EXERCISE DIRECTIONS:
Start to finish, print the entries exactly, and carry none of the pictures over.

AVAILABLE DATA:
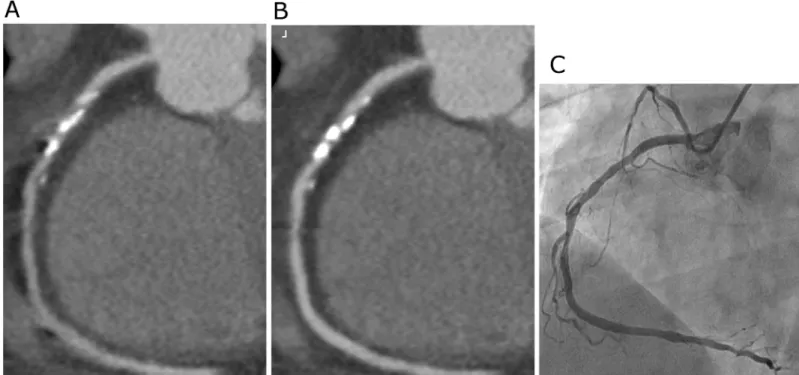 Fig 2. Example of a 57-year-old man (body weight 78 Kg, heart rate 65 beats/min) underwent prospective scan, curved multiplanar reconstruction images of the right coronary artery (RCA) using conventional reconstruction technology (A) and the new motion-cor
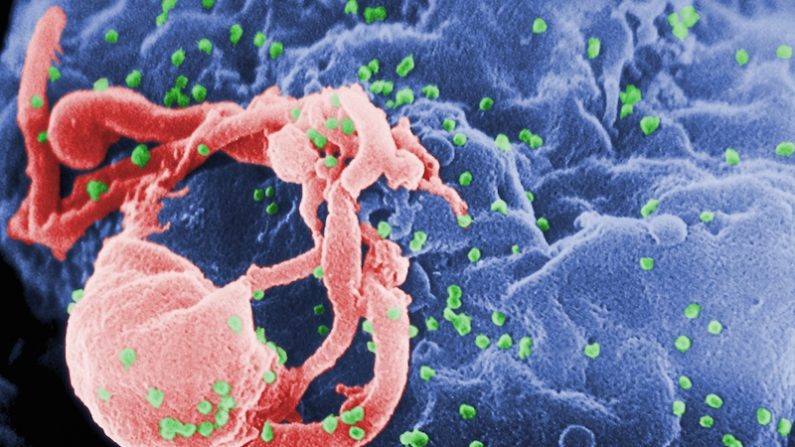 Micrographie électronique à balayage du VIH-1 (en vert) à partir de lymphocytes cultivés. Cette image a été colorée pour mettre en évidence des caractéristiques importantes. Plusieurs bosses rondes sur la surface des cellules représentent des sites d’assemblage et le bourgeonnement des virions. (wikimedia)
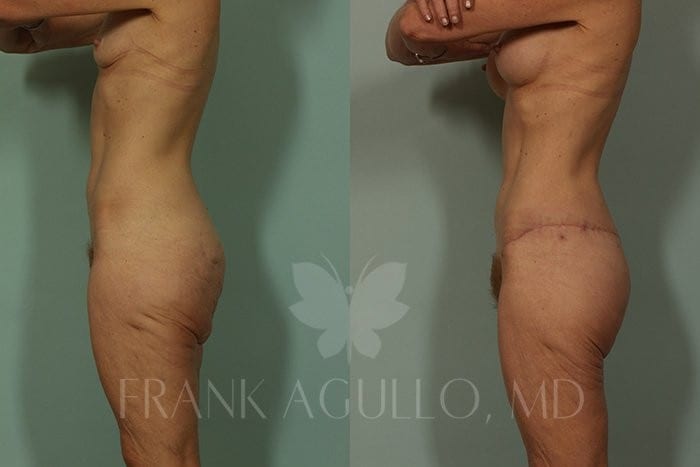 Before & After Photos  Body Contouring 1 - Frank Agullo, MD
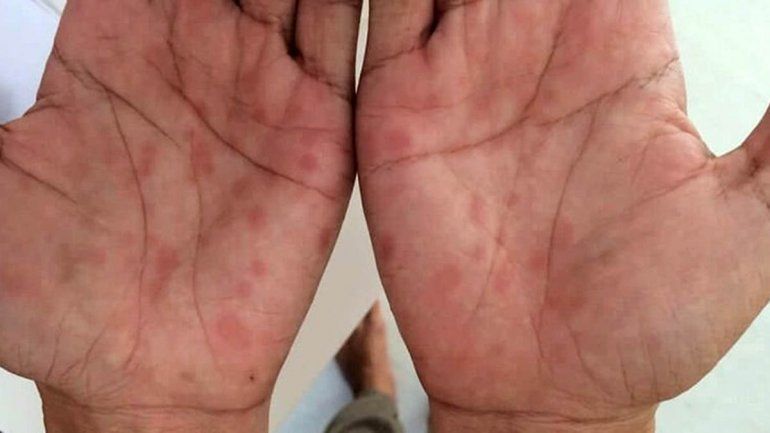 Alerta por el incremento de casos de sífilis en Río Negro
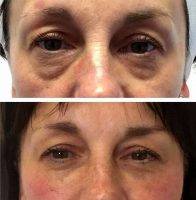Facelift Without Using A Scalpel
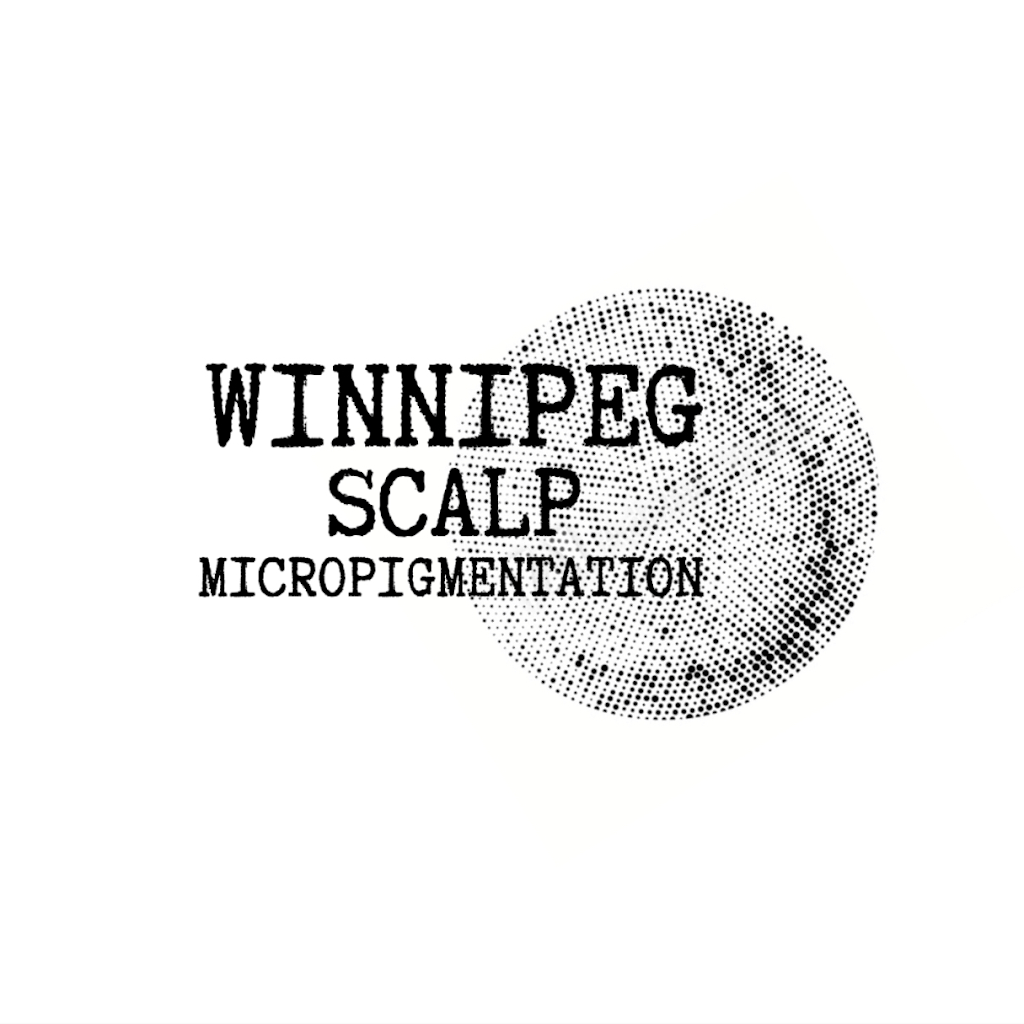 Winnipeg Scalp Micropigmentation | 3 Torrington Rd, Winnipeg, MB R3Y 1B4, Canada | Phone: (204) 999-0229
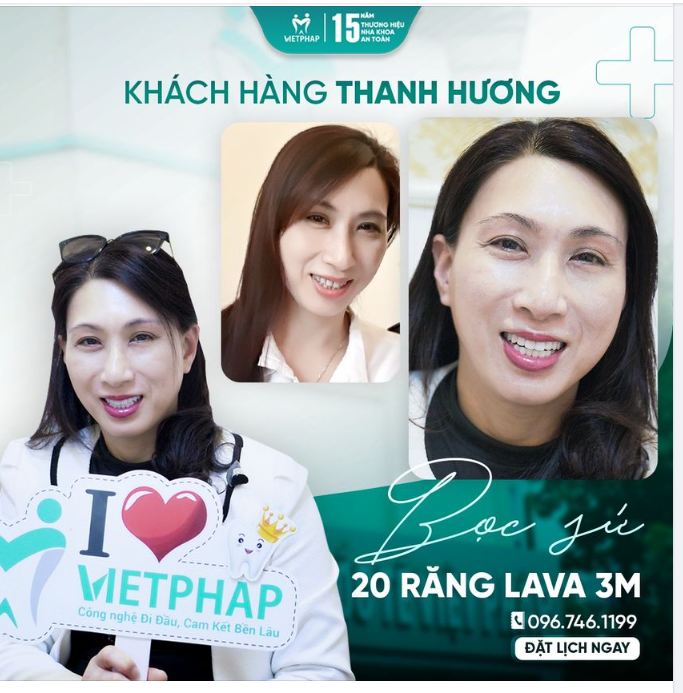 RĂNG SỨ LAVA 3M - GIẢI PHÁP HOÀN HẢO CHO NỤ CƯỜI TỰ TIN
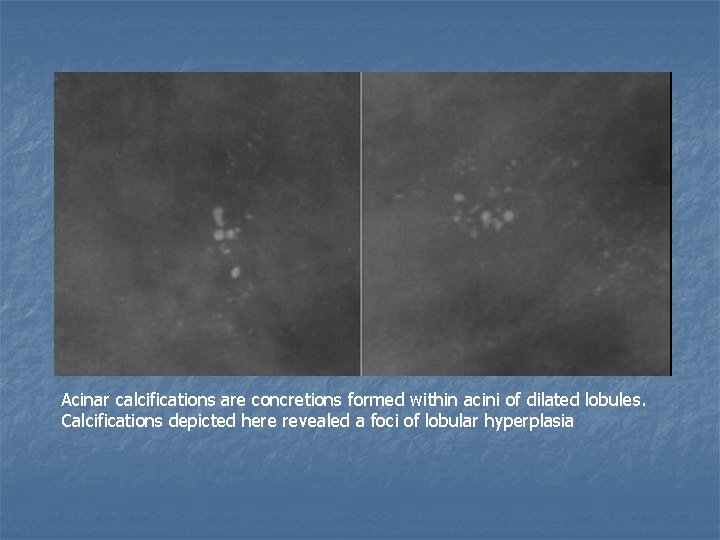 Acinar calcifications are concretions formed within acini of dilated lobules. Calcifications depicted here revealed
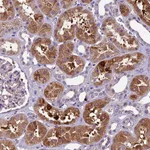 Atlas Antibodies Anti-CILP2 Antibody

THE COMPLETED TASK:
 Fig 2. Example of a 57-year-old man (body weight 78 Kg, heart rate 65 beats/min) underwent prospective scan, curved multiplanar reconstruction images of the right coronary artery (RCA) using conventional reconstruction technology (A) and the new motion-cor
 Micrographie électronique à balayage du VIH-1 (en vert) à partir de lymphocytes cultivés. Cette image a été colorée pour mettre en évidence des caractéristiques importantes. Plusieurs bosses rondes sur la surface des cellules représentent des sites d’assemblage et le bourgeonnement des virions. (wikimedia)
 Before & After Photos  Body Contouring 1 - Frank Agullo, MD
 Alerta por el incremento de casos de sífilis en Río Negro
Facelift Without Using A Scalpel
 Winnipeg Scalp Micropigmentation | 3 Torrington Rd, Winnipeg, MB R3Y 1B4, Canada | Phone: (204) 999-0229
 RĂNG SỨ LAVA 3M - GIẢI PHÁP HOÀN HẢO CHO NỤ CƯỜI TỰ TIN
 Acinar calcifications are concretions formed within acini of dilated lobules. Calcifications depicted here revealed
 Atlas Antibodies Anti-CILP2 Antibody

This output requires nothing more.